Background information
- Born: September 23, 1935 Tehran, Iran
- Died: February 2, 2007 (aged 71) Tehran, Iran
- Genres: Persian pop music, Persian traditional music
- Occupations: Violinist, composer, singer
- Years active: –2007

= Parviz Yahaghi =

Parviz Yahaghi (پرویز یاحقی; September 23, 1935 – February 2, 2007) was a distinguished Iranian composer and violinist. He resided in Tehran for practically his whole life, and was born and died there.

== Biography ==
His birth name was Parviz Sedighi Parsi. He was musically educated primarily by his uncle Hossein Yahaghi, a violinist and violin teacher, from whom Parviz adopted the Yahaghi name.
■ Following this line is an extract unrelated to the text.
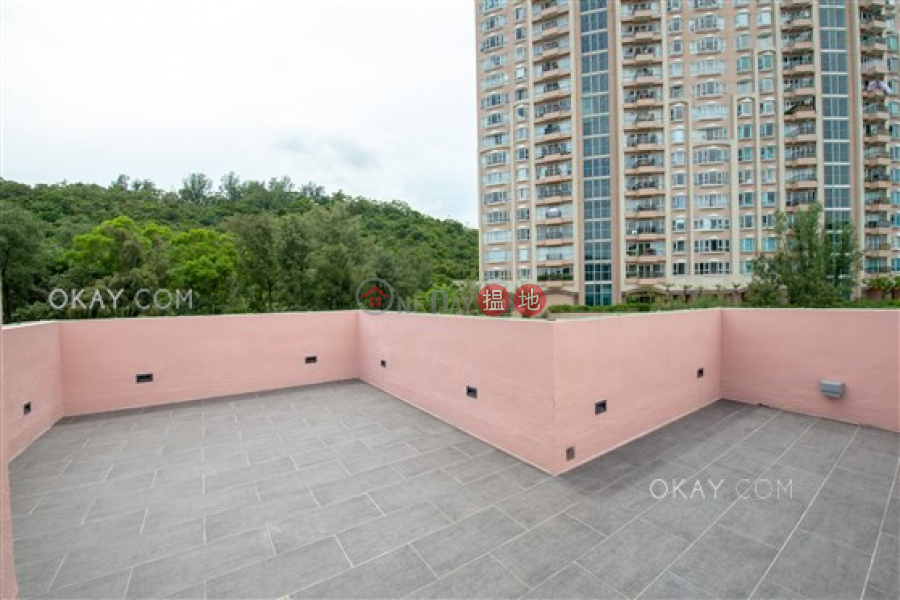 HK$ 109.5M Redhill Peninsula Phase 3 | Southern District Gorgeous house with rooftop, terrace & balcony | For Sale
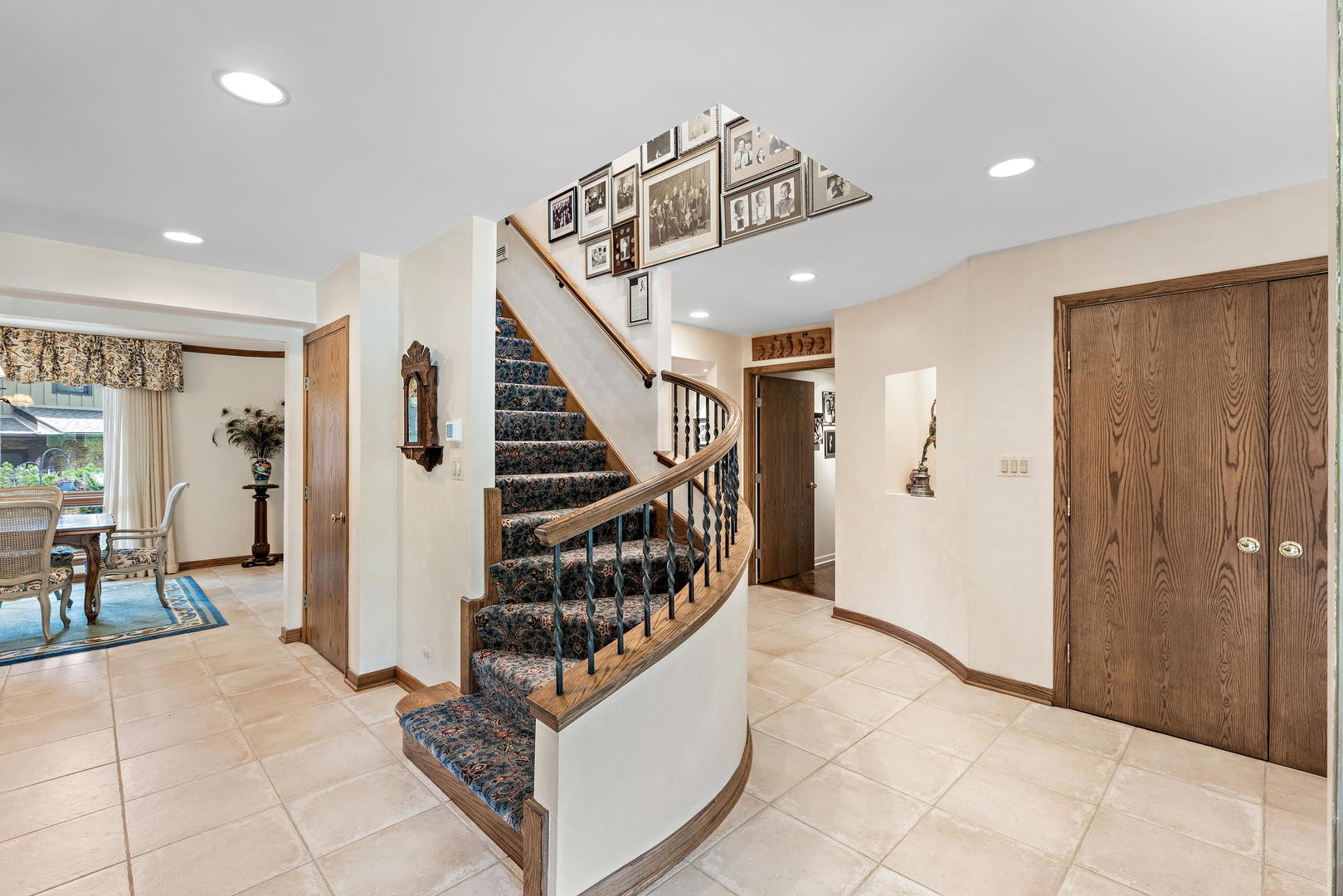 2728 Old Glenview Road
During his youth Parviz was exposed to many highly professional musicians in Tehran who were friends of his uncle.

A notable visitor at his uncle's house was the violin teacher, composer, and musicologist Abolhasan Saba, who is credited with making improvements in violin playing technique in the Persian tradition. Saba published a two-volume training manual for the violin in 1944-45.

== Works ==
Starting from about 20 years, Parviz Yahaghi was employed for a little over two decades as a musician with the Iranian government-financed radio station.

In the 1960s and 1970s at the radio station he composed hundreds of pieces both for violin and for celebrated singers in Iran such as Banan, Marzieh, Delkash, Pouran, Elahe, Homeyra, Mahasti, Dariush Rafei, Homayoonpour and Iraj (Hossein Khajeh Amiri). These compositions were often produced in connection with the long-running radio program Golha.

Yahaghi's ability in playing violin, his compositions, and his musical director's role made him a central figure in Persian music during the 1970s.

Yahaghi's violin is tuned in a way that gives different resonances and drones to the sound, compared to standard European tuning, and he uses a number of different tuning schemes.

Before the arrival of the 1979 political revolution in Iran, Yahaghi had already resigned from the government radio station and set up a recording studio of his own in Tehran. In the wake of the revolution, many of Yahaghi's friends and associates departed from Iran and did not return. But Yahaghi stayed. His wife, Homeyra, one of Iran's most famous singers, moved permanently to the USA without him. (The revolutionaries outlawed female solo singing, though women were free to continue to play musical instruments and to sing in choruses.) Yahaghi was arrested, interrogated, and released by the new regime. During the 1980s with the war between Iran and Iraq going on, he was invited by the regime to compose music, particularly patriotic music. He declined.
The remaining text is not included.